> _PROBLEM_:
Give the count of lines in the records that contain the string "https", and write nothing but that number.

_ _ _ _ _

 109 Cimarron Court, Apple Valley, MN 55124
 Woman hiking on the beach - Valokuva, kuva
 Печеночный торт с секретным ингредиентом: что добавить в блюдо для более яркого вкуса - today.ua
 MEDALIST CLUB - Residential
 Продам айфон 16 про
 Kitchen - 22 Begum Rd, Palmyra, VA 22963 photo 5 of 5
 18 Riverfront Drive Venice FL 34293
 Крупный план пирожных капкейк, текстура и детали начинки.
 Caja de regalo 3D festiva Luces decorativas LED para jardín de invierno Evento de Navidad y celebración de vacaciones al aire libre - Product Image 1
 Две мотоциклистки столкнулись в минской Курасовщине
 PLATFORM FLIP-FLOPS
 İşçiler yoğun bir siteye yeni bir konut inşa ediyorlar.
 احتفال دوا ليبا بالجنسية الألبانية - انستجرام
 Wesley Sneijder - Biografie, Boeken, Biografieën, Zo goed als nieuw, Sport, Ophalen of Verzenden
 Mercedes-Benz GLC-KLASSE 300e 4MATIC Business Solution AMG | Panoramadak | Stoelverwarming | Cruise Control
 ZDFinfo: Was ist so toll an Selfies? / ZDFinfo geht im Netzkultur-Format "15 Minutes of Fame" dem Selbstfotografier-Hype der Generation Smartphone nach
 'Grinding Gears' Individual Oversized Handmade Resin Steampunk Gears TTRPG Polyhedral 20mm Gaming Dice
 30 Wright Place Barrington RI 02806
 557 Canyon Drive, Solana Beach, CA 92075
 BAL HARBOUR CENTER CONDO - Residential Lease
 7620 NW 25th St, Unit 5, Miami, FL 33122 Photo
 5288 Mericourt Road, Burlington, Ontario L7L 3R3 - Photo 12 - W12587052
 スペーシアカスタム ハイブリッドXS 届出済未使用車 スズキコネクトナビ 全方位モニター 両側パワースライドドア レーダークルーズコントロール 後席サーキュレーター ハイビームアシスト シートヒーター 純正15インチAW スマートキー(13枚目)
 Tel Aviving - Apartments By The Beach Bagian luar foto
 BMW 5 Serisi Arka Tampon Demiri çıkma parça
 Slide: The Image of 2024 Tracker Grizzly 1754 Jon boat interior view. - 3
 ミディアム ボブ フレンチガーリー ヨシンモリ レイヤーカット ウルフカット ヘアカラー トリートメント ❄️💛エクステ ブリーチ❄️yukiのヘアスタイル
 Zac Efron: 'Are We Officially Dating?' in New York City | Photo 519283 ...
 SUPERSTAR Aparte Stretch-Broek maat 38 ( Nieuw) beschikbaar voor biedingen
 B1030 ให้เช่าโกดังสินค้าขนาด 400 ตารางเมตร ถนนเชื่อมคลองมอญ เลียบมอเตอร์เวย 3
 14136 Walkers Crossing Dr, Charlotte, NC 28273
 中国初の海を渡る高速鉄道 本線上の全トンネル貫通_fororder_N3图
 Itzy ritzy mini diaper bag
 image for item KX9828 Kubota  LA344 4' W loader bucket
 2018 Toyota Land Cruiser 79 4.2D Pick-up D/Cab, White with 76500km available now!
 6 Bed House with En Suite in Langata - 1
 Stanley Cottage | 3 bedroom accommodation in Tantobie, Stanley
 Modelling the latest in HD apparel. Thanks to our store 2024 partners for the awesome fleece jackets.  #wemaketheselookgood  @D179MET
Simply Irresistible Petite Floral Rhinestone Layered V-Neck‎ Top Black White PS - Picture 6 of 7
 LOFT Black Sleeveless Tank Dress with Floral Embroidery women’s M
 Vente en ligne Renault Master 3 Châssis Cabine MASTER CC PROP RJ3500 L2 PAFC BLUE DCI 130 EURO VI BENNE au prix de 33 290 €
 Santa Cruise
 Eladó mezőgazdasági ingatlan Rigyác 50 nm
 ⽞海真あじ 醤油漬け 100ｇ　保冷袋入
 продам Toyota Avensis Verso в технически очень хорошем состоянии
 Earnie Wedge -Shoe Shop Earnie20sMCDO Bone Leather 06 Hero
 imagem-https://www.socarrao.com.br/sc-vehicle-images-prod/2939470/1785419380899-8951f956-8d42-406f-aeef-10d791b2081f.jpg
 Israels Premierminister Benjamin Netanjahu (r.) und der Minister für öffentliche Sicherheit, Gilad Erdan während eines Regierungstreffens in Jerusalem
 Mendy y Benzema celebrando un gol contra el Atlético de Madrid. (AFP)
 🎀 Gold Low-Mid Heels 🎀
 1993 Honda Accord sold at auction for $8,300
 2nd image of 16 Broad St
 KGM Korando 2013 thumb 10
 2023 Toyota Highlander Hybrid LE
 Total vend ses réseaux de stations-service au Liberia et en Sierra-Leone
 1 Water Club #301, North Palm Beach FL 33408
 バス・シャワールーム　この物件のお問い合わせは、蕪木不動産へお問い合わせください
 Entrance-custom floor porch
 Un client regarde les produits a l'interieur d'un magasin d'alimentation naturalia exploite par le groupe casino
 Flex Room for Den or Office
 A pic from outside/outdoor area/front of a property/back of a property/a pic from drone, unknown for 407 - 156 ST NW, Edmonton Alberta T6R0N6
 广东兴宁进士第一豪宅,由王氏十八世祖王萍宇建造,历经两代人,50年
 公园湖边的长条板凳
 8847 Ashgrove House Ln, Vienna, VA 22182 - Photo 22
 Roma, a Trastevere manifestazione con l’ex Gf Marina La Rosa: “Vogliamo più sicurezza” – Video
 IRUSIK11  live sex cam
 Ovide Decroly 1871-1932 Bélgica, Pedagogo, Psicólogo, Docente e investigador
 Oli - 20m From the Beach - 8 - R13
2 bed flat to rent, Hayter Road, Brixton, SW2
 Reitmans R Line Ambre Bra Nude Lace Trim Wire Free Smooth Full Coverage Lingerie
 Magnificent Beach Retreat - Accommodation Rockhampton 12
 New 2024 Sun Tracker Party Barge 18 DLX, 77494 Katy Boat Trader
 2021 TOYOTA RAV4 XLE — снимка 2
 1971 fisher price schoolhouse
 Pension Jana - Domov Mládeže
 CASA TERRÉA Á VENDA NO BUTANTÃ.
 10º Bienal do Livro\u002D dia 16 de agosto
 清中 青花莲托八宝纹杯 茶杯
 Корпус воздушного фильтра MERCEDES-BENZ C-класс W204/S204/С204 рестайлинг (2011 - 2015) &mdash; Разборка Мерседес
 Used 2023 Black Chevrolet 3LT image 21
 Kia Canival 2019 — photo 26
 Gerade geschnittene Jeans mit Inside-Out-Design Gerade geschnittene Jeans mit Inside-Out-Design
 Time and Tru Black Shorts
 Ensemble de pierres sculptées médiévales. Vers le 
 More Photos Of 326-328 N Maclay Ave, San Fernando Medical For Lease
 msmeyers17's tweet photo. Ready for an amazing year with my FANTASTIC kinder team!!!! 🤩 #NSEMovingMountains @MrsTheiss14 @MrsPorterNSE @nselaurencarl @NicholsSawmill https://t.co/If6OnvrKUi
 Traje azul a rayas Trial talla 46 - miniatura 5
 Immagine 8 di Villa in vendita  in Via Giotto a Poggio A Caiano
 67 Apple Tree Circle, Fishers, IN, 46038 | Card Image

_ _ _ _ _

> _OUTPUT OF THE EXERCISE_:
2